La fin de l’âge d’or

Dans « les Naufragés du fol espoir », Ariane Mnouchkine met en scène une forme d’adieu tourbillonnant à l’utopie.

Gilles Costaz  • 25 février 2010 abonné·es

Le nouveau spectacle du théâtre du Soleil, les Naufragés du fol espoir, est souvent époustouflant. C’est un frénétique enchaînement de tableaux qui, empruntant la trame d’un roman oublié de Verne, conte la vie de la France et du monde à la date cruciale de 1914. Autour d’un héros baptisé Jean Salvatore, une longue course-poursuite part d’Autriche et des bords de Marne, fait quelques tours dans l’actualité d’alors, du côté de chez Jaurès, par exemple, traverse les océans, passe par l’empire britannique, montre la colonisation et les génocides des ethnies en Amérique latine. Le spectacle alterne ainsi événements historiques et épisodes romanesques. Vingt-neuf acteurs se démènent comme de beaux diables pour être une foule de personnages, passer d’un grand rôle à une silhouette, tirer les haubans, s’adapter à un plateau qui change à vue d’œil, devenir de grands personnages (Churchill, Darwin, la reine Victoria) et des êtres de pure imagination.
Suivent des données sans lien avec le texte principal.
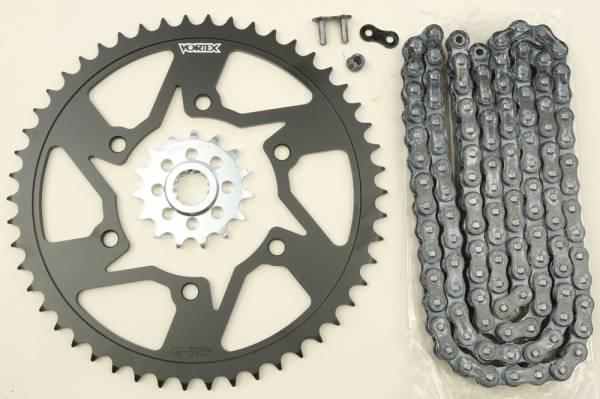 VORTEX - SPROCKET/CHAIN KIT STL/STL 15/50T SIL SX3 520-116L BLK - Image 1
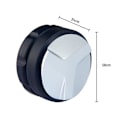 Miniatyrbild 4 av 5: 1/2/5 Hushållens kaffedistributör För Espresso Tamper Coffee 58mm Black 3 leaf 1Set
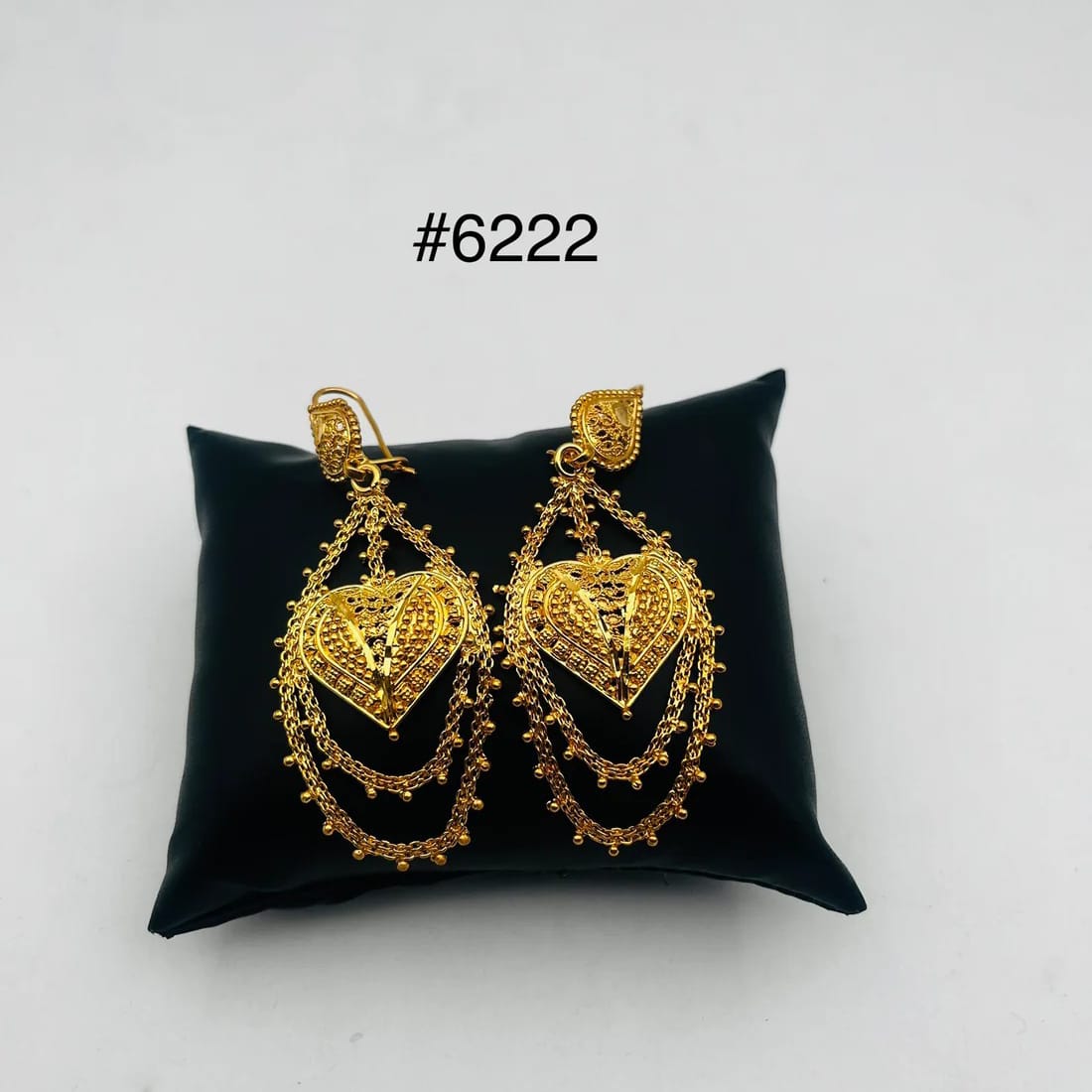 Exclusive Designer Gold Plated Earrings, PMJ Model No: 6222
L’histoire est même triple : c’est celle du roman de Jules Verne, celle du monde au début du XXe siècle et celle d’un film qu’on est en train de tourner. Car l’autre point de départ de la pièce, qui lui donne son style, c’est la réalisation d’un film qu’un cinéaste effectue en suivant cette action. Tout est filmé par une caméra à manivelle, le metteur en scène et son équipe. Le jeu de miroirs renvoie aux classiques de l’époque et transpose chaque épisode dans une dimension imaginaire liée au cinéma muet. Car les acteurs se mettent à articuler sans parler, tandis que les sous-titres apparaissent sur un écran et que la musique de Jean-Jacques Lemêtre bat son plein.

Oui, c’est époustouflant pour l’œil du spectateur. Les comédiens, de Maurice Durozier à Julia Carneira da Cunha et Serge Nicolaï, sont d’une contagieuse générosité de jeu. La mise en scène d’Ariane Mnouchkine trouve le détail tout un impulsant une symphonie de mouvements. Pourtant, notre plaisir n’est pas complet. Le sens de ces quatre heures tourbillonnantes est trop clair ou trop obscur : c’est sans doute un adieu aux rêves égalitaires, au temps des utopies qui ne sont plus que de l’histoire ou un vieux film en noir et blanc. La fin de l’âge d’or, qui avait été la grande passion du Soleil. Les Naufragés du fol espoir expriment ce désenchantement dans une forme théâtrale – née de l’improvisation et enrichie (mais partiellement) par l’écriture d’Hélène Cixous – qui, après avoir donné de magnifiques spectacles, tourne un peu en rond, comme un manège.